** Opening Supplied information block **

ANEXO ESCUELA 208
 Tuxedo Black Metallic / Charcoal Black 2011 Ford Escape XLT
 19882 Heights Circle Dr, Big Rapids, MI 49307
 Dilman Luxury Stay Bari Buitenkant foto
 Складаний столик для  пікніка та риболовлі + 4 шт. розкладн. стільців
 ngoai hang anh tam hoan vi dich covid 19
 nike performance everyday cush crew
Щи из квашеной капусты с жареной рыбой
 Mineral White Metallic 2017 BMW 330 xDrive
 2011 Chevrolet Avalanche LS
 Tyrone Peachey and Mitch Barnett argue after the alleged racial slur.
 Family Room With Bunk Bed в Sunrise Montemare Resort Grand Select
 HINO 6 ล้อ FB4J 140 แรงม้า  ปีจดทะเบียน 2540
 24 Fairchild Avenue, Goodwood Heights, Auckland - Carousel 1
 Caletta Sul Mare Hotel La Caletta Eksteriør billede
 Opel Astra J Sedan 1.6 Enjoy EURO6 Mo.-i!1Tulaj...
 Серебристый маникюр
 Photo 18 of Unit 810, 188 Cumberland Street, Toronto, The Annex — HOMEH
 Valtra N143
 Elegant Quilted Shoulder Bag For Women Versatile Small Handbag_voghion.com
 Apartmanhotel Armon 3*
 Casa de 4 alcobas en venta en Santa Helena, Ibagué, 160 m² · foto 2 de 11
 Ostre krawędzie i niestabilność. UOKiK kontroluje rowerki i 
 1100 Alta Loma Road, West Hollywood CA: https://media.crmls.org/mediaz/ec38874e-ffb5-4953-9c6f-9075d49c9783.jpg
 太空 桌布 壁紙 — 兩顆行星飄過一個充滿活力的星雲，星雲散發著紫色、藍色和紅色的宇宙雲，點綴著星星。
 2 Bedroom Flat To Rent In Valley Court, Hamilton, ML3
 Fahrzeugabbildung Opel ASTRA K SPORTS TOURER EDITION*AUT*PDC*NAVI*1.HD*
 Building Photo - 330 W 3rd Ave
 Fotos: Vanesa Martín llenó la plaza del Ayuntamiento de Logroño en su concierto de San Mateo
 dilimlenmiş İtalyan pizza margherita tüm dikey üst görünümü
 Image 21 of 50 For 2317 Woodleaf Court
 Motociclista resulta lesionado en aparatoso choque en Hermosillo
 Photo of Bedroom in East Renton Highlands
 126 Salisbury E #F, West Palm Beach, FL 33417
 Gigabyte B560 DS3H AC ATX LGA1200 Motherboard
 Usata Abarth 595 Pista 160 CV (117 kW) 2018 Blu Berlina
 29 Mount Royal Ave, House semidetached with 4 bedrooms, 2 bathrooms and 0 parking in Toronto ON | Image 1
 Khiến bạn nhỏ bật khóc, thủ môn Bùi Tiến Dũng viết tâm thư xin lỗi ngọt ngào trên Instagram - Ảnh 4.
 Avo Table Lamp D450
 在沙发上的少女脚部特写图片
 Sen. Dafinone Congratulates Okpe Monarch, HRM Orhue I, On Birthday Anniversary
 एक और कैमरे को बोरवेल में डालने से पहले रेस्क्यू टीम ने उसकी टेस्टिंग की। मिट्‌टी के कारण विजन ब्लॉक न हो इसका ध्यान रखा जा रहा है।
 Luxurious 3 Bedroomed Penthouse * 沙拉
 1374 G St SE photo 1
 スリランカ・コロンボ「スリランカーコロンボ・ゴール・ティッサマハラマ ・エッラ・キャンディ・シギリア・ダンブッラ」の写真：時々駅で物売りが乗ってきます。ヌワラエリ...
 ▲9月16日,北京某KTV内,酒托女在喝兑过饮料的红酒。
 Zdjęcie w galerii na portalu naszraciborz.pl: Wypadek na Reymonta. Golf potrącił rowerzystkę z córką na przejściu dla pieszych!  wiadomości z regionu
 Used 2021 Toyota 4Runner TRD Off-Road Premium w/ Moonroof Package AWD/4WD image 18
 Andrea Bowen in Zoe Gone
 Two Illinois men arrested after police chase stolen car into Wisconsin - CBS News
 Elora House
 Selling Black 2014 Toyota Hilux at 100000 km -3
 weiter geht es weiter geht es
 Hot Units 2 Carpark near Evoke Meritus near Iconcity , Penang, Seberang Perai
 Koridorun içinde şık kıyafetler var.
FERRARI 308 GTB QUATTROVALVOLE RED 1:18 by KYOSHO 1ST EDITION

** Closing Supplied information block **

About this exercise:
What are the lines, exactly as written above, from the line with "Mineral White Metallic 2017 BMW 330 xDrive" to the line with "Apartmanhotel Armon 3*", both included? Output only those.

Result of this exercise:
 Mineral White Metallic 2017 BMW 330 xDrive
 2011 Chevrolet Avalanche LS
 Tyrone Peachey and Mitch Barnett argue after the alleged racial slur.
 Family Room With Bunk Bed в Sunrise Montemare Resort Grand Select
 HINO 6 ล้อ FB4J 140 แรงม้า  ปีจดทะเบียน 2540
 24 Fairchild Avenue, Goodwood Heights, Auckland - Carousel 1
 Caletta Sul Mare Hotel La Caletta Eksteriør billede
 Opel Astra J Sedan 1.6 Enjoy EURO6 Mo.-i!1Tulaj...
 Серебристый маникюр
 Photo 18 of Unit 810, 188 Cumberland Street, Toronto, The Annex — HOMEH
 Valtra N143
 Elegant Quilted Shoulder Bag For Women Versatile Small Handbag_voghion.com
 Apartmanhotel Armon 3*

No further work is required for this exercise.